As the first laser sliced through the mucous membrane of her vocal cords, memories came flooding back like a pouring flood. She saw Jared kneeling on the deck of his yacht and proposing, the waves breaking into a million diamonds behind him. The sea air was salty when he said, "I love you," with his lips pressed against her earlobe, but the memory was as bitter as strychnine.

"Inject adrenaline." The doctor's order caused the monitor to beep shrilly, and Amber felt hot steel needles travel between her vocal cords as pain caused blood-colored fireworks to explode before her eyes. In a trance she became the little girl locked in the attic by her stepmother when she was ten years old, her fingernails digging into the oak door panels until they oozed blood. Benson Sr.'s words as he opened the door, "You should learn to be as thorny as a rose," now resurfaced in her nostrils, mixed with the burnt smell of the electrocautery machine.

The moment the surgical forceps clamped down on the cartilage, the monitor suddenly sounded a piercing alarm. The nurse's French-language exclamation of alarm came as if through a layer of seawater, "Her blood pressure is down to 70/40!" Amber felt consciousness sinking while her body was suddenly gripped by intense weightlessness-the same sensation she'd felt when she'd fallen into the Hudson River three years ago, and the sharp pain of water pouring into her lungs had her desperately clutching not the oxygen, but the photo of the stolen affair with the burnt edges.

"Get on extracorporeal!" The doctor's roar ripped through the memory curtain, and Amber saw in the chaos Lila's fingers, painted with Chanel No. 62 nail polish, sliding from Jared's tie to his belt buckle. The intertwined bodies on the security camera suddenly distort into the aperture of a surgical light, and she realizes with a start that she's letting out an inhuman hiss. It turned out that the doctor was testing new vocal cords and the laser knife was carving the shape of hate.
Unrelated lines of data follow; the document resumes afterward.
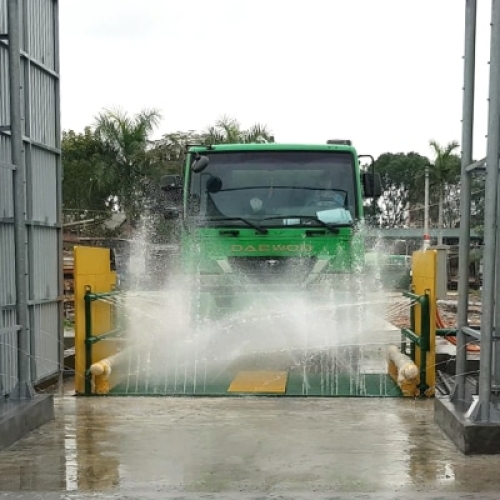 Modern automatic construction site car washing system with large capacity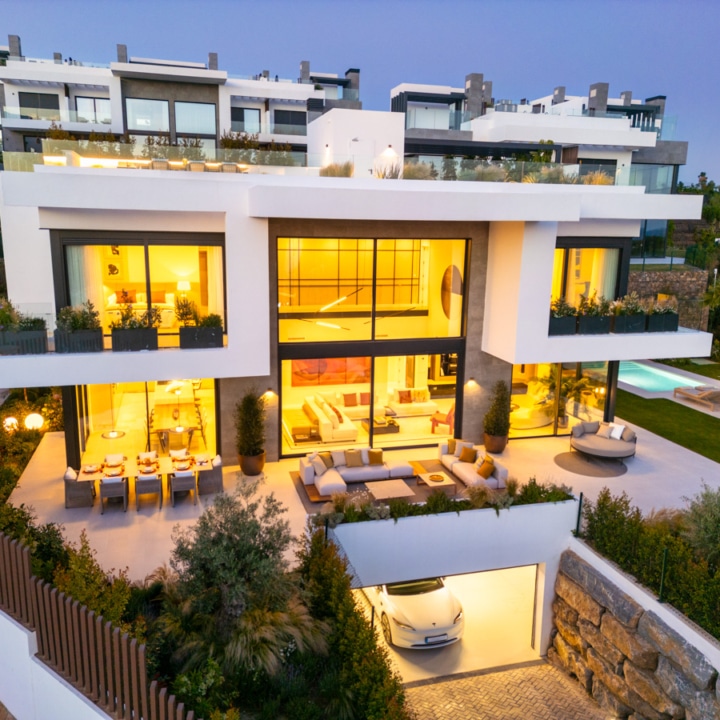 The List – Six bedrooms house with beautiful sea views in Rio Real, Marbella Picture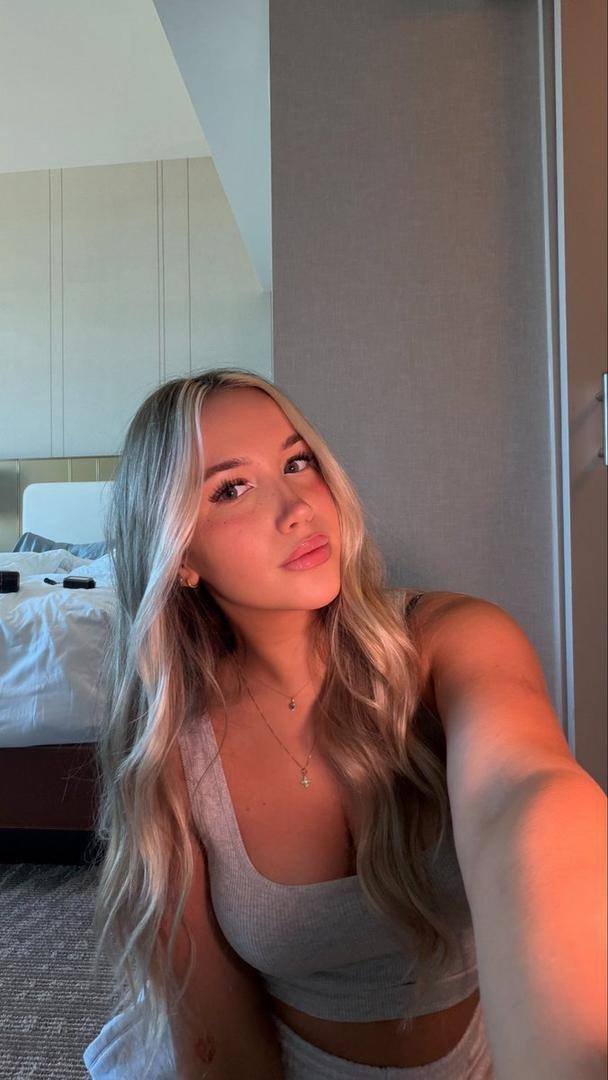 NO PAYMENT REQUIRED- SEXY SINGLE MOM FOR MEET AND FUCK AS LONG AS YOU KNOW HOW TO USE YOUR DICK 🍆🍑🍆💦.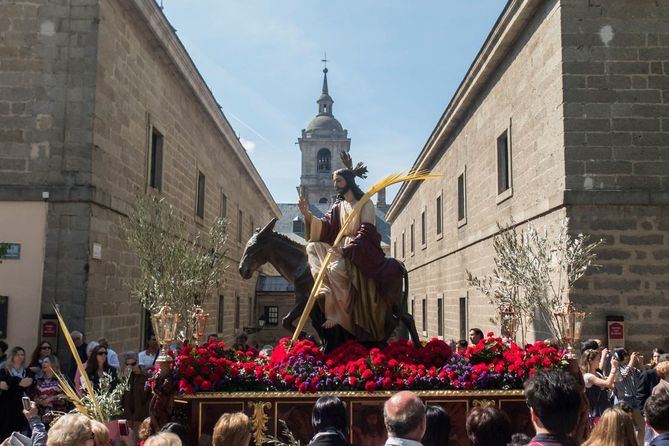 En Madrid capital, los visitantes pueden disfrutar de impresionantes procesiones que recorren las calles históricas, como la emblemática procesión del Cristo de los Alabarderos que pasa por Plaza Mayor o la solemne procesión del Silencio en el Domingo de Ramos.
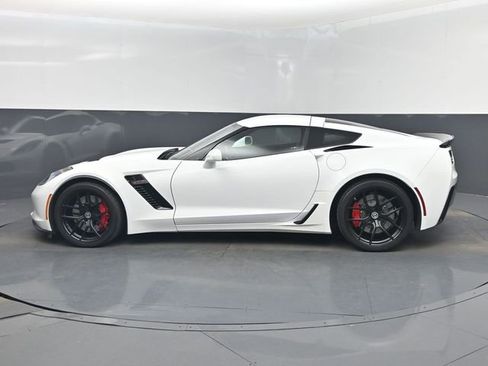 Used 2016 Chevrolet Corvette Z06 w/ 2LZ Preferred Equipment Group image 10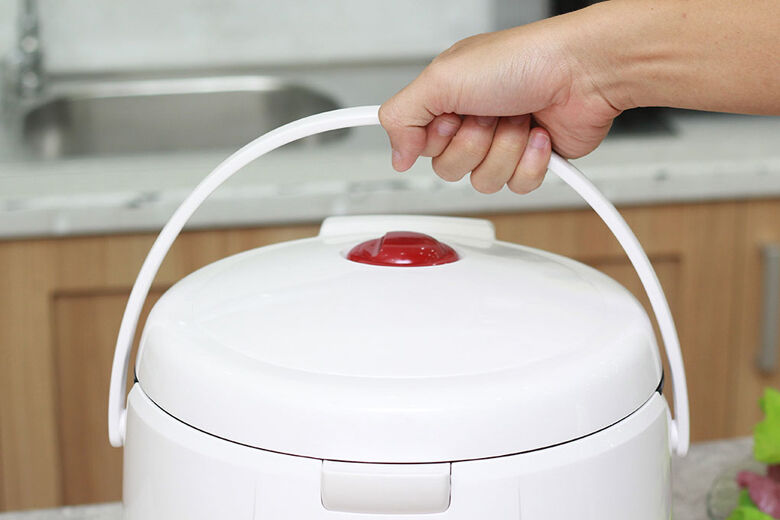 quai xách tiện di chuyển nồi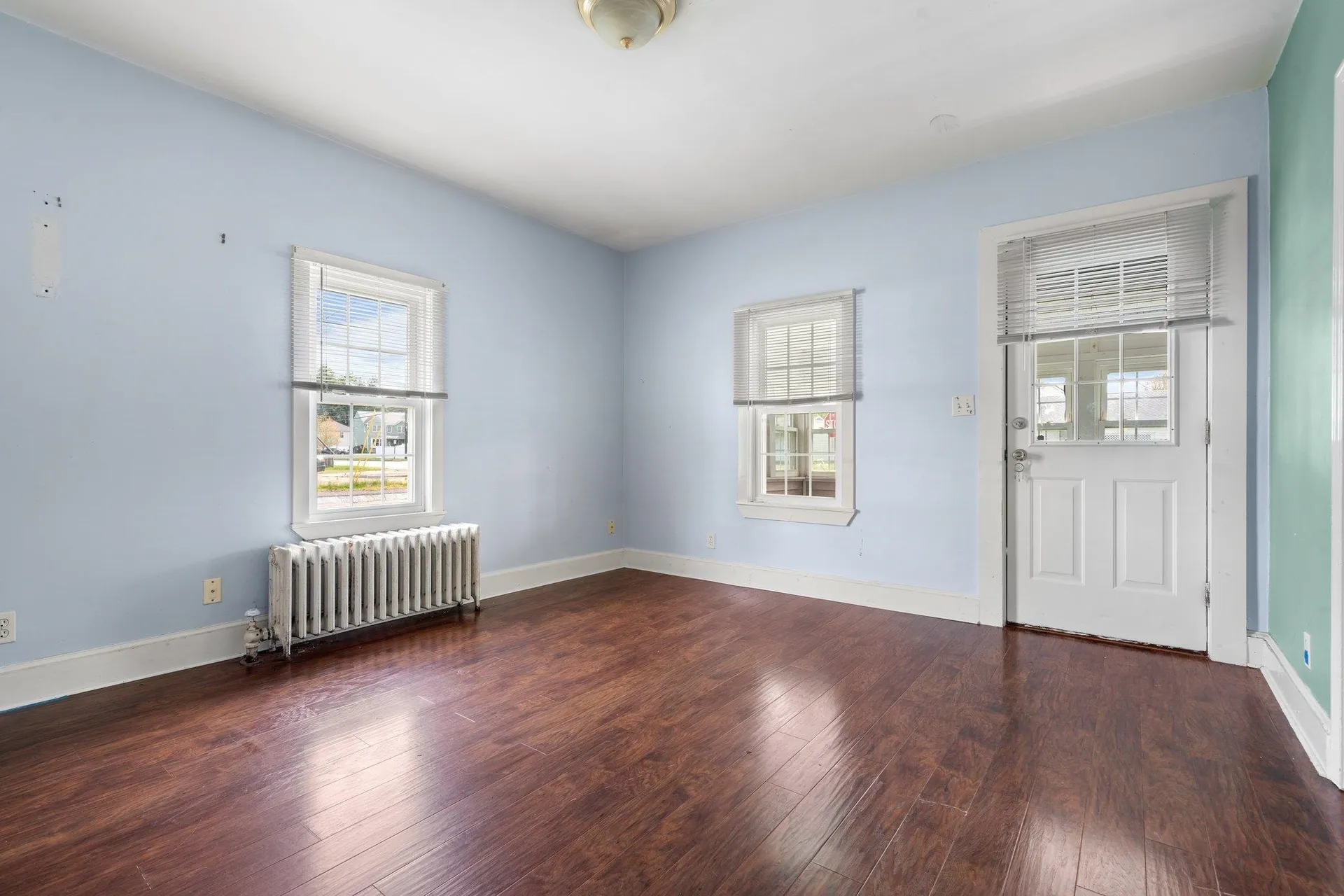 729 West Hollis Street Nashua NH 03062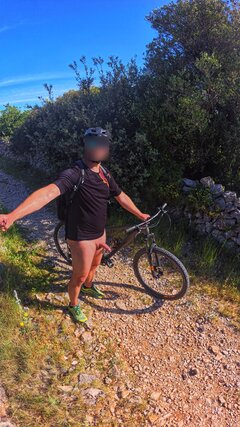 JPEG_20250512_064128_2044433253027107028.jpg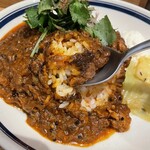 カレーライス専門店 ブラザー - ライスは通常の200gではちょっと少ないので次回は+100円で大盛りにします。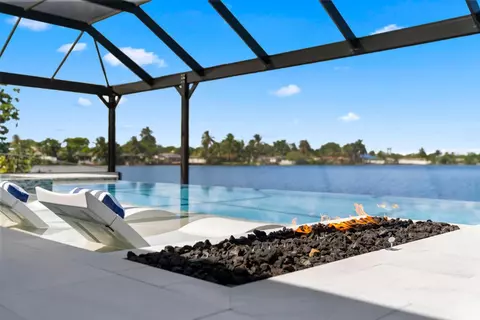 2511 NE 209th Ter, Miami, FL 33180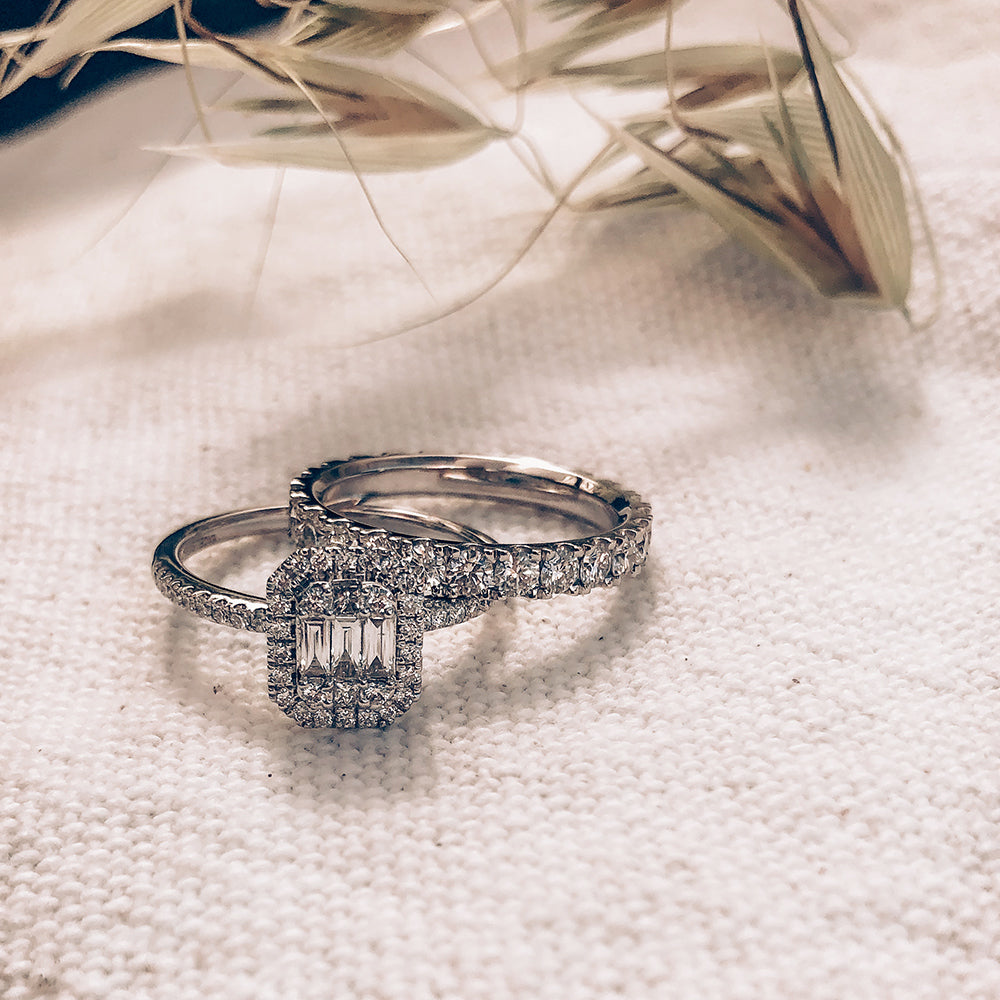 Bague Eternity en Or Blanc Élégante avec 1.50 Carat de Diamants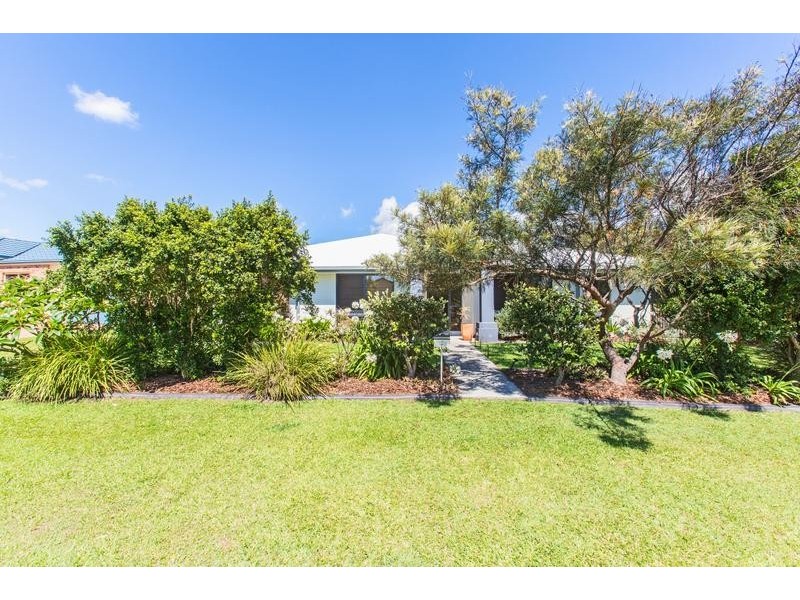 2 Yamba Street, Pottsville NSW 2489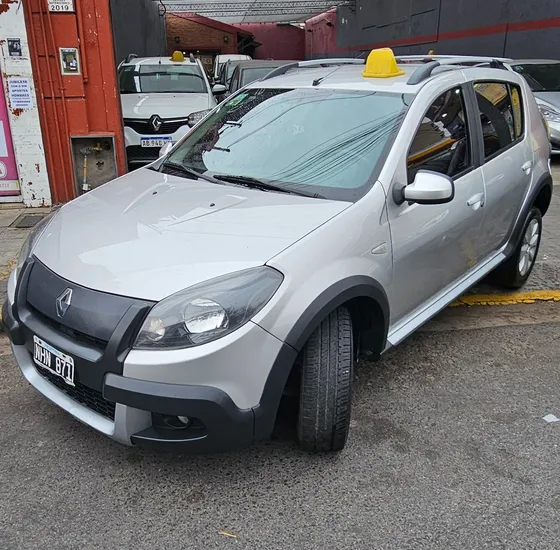 Renault Sandero Stepway 1.6 Privilege 105cv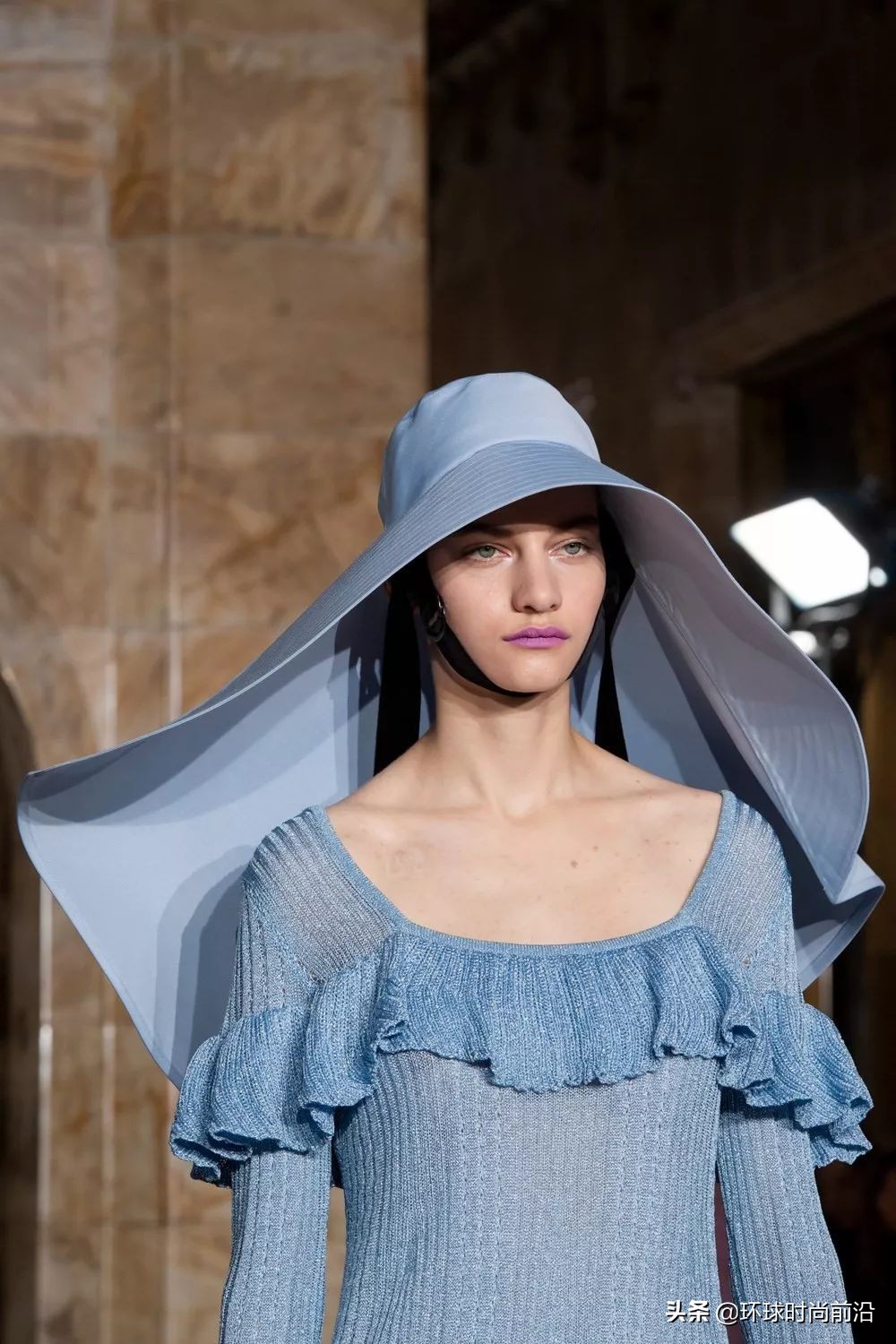 适合冬季脸大显脸小的帽子 (大圆脸适合什么帽子秋冬)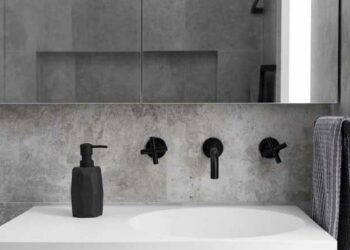Banheiro cinza: ideias incríveis para inspirar seu novo projeto
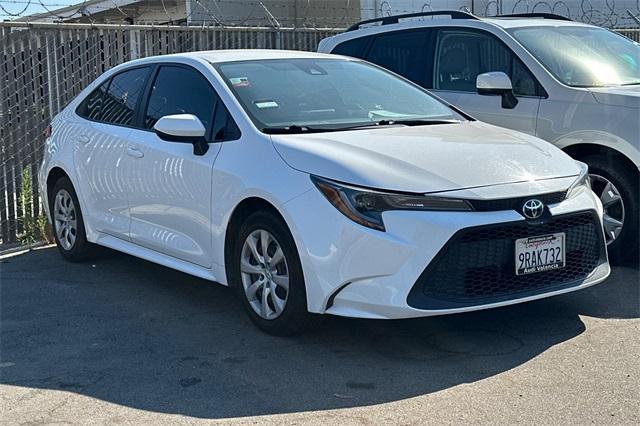 Photo of 2022 White Toyota Corolla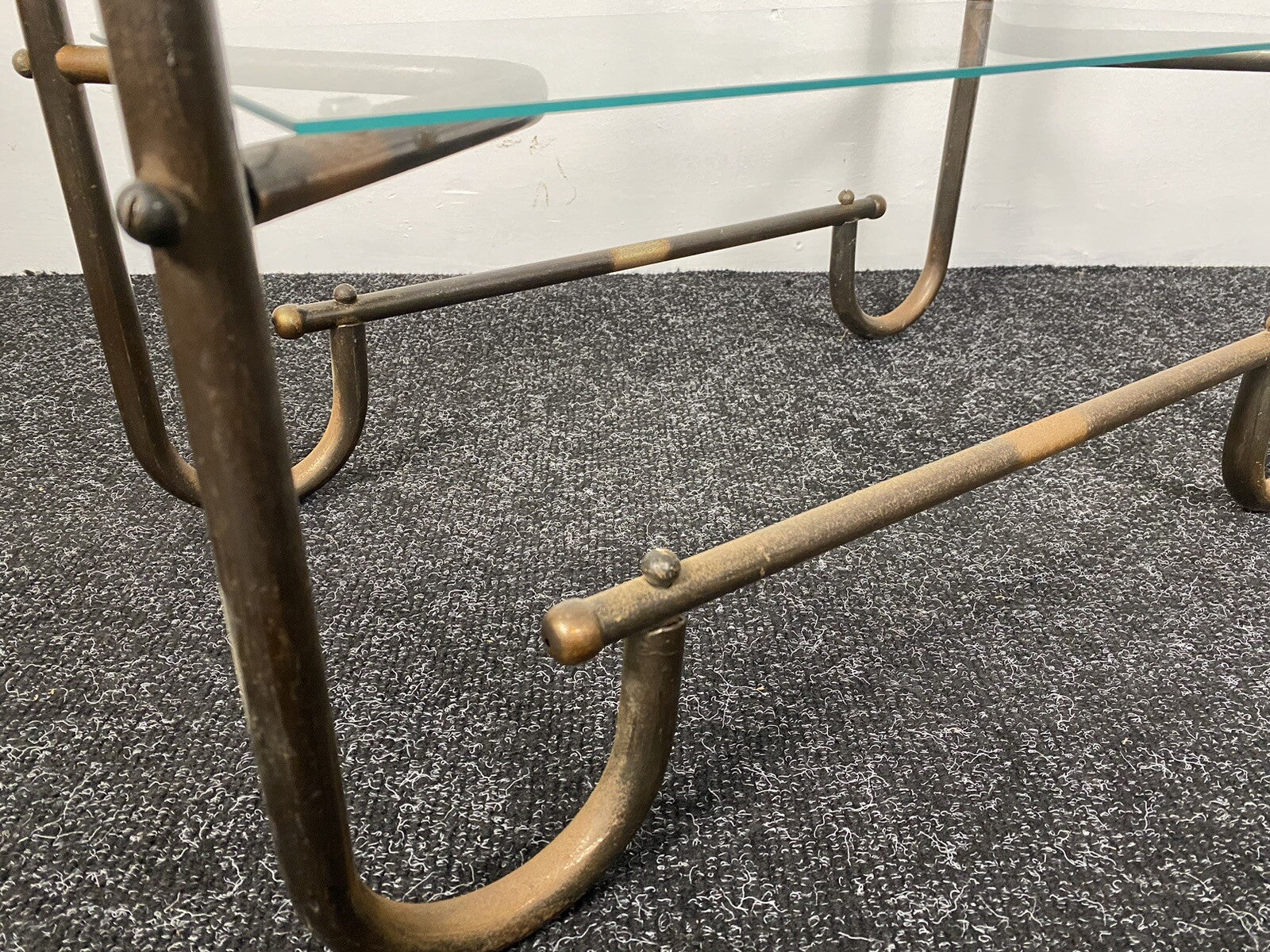 Beistelltisch Bartisch Schlaufenfuß Bauhaus Stahlrohr Nickel Kupfer Glas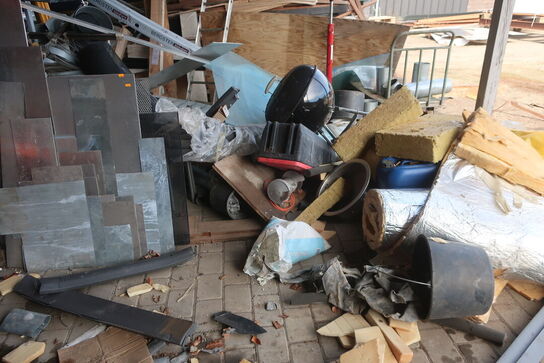 Gearkasseløfter, div. jern, træ, udsugningsdele m.m.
By the time the last facial implant was secured beneath her cheekbone, the mirror reflected a strange woman. Fiery red curls looked like congealed blood, the corners of her eyes were lifted into feline curves, and the peaks of her newly molded lips were so sharp they could cut through an oath. The doctor shoved the gilt vanity mirror into her bandaged hand, "Remember, Violet Dubois, you're from Nice, your parents died in a plane crash, and you inherited a three hundred million dollar trust fund."

The day the stitches were removed, the rain poured down, and Violet touched the three burn scars on the side of her neck, the only remnants of the old days. The clinic TV suddenly cuts to the news: a mysterious redheaded celebrity has been spotted at a New York charity dinner, clashing with socialite Lila Thompson in Givenchy couture. As the camera sweeps over Lila's pale face, Violet's new vocal cords emit their first soft laugh, husky and lazy as a viper's viper.

The doctor hands over a paper shredder containing her old ID card, but presses her hand the moment it starts: "You know why you chose red hair? In Renaissance paintings, betrayers were always painted with red hair." He removed his mask to reveal the burned lower half of his face, "My wife was one of the charred corpses in the chemical plant your father purchased that exploded twelve years ago."

A rainstorm slapped the floor-to-ceiling windows and Violet spilled confetti into the howling wind. In the flurry of white debris, she saw the wreckage of the yacht at the bottom of the Hudson River glowing. As the last piece of confetti with "Amber Benson" on it disappeared into the Seine, the heartbeat curve on the monitor finally turned into the calm, straight line of an avenger.